The GPU might be hailed as the new heir to the computing throne, but a stroll through any big-box PC retailer doesn’t bear that out—very few PCs under $900 even have discrete graphics cards. Instead, in the vast majority of machines for sale, the lowly, spat-upon integrated graphics rule the roost.
According to John Karabian, a product manager with No. 2 PC maker Acer, for the average consumer, it’s still just about the big three: CPU, RAM, and hard drive: “They know a 3.2GHz Core i7 is going to be slower than a 3.33GHz Core i7, 4GB is better than 2GB, and 1TB is better than 500GB.” The graphics card, Karabian said, is just something most consumers don’t think about, and if they do, it’s in a negative way. “The perception, it seems, in the marketplace, is that discrete graphics are only for gamers,” said Karabian.

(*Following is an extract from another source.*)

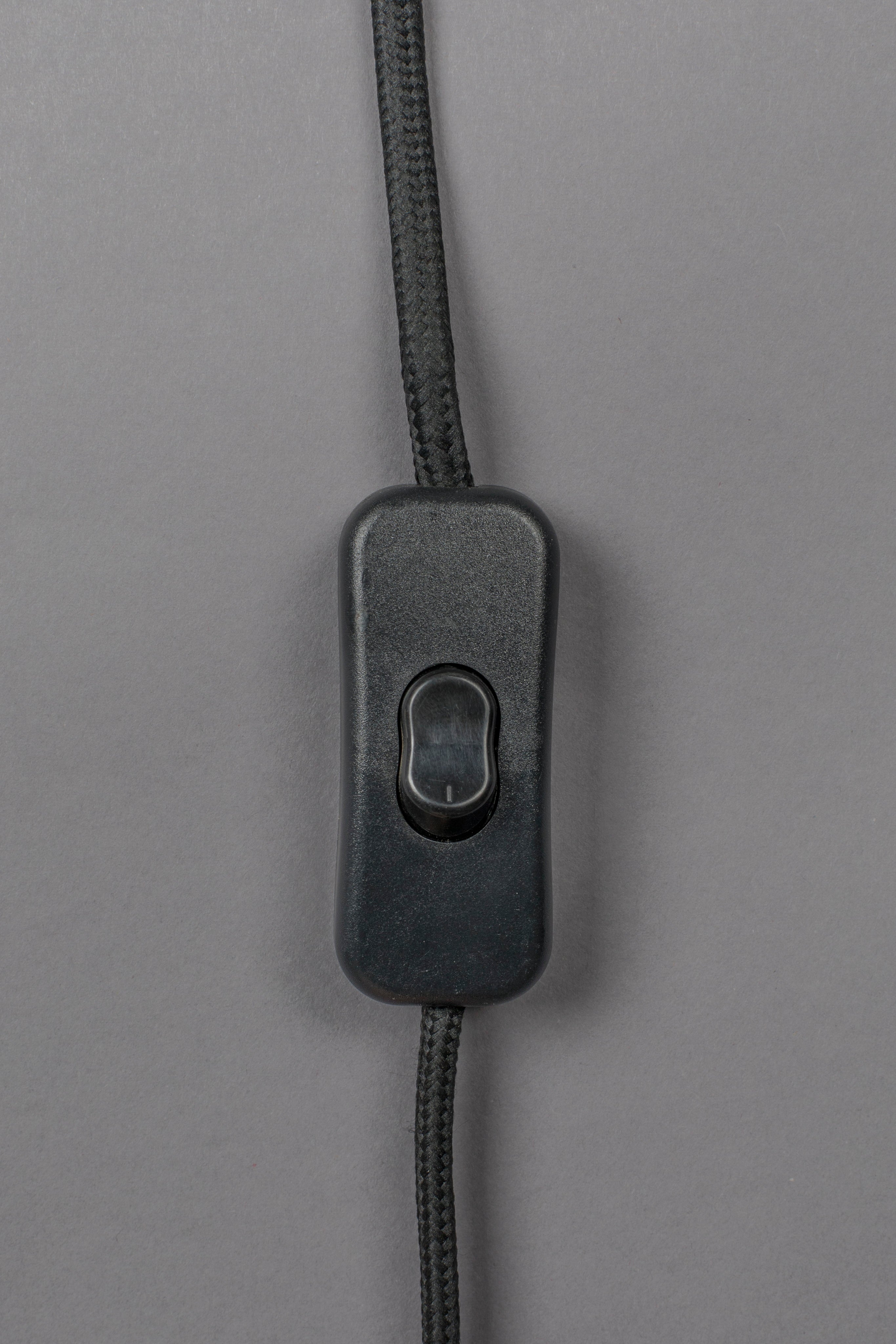 Tischlampe JULES rot mit braunem Fuß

Randy Copeland, president of Velocity Micro, agreed that the average consumer couldn’t care less about graphics in today’s market. Although Velocity Micro’s PCs are above the mainstream $900 PC, and all include graphics cards, he said it is difficult to market the benefits of the GPU to consumers.
“They don’t get the value of that graphics card unless there is a blue shirt there walking them through it,” Copeland said. “You don’t have a whole lot of space to sell someone a computer. It’s limited to the four or five bullet points [on the price tag], and that’s your sales pitch.”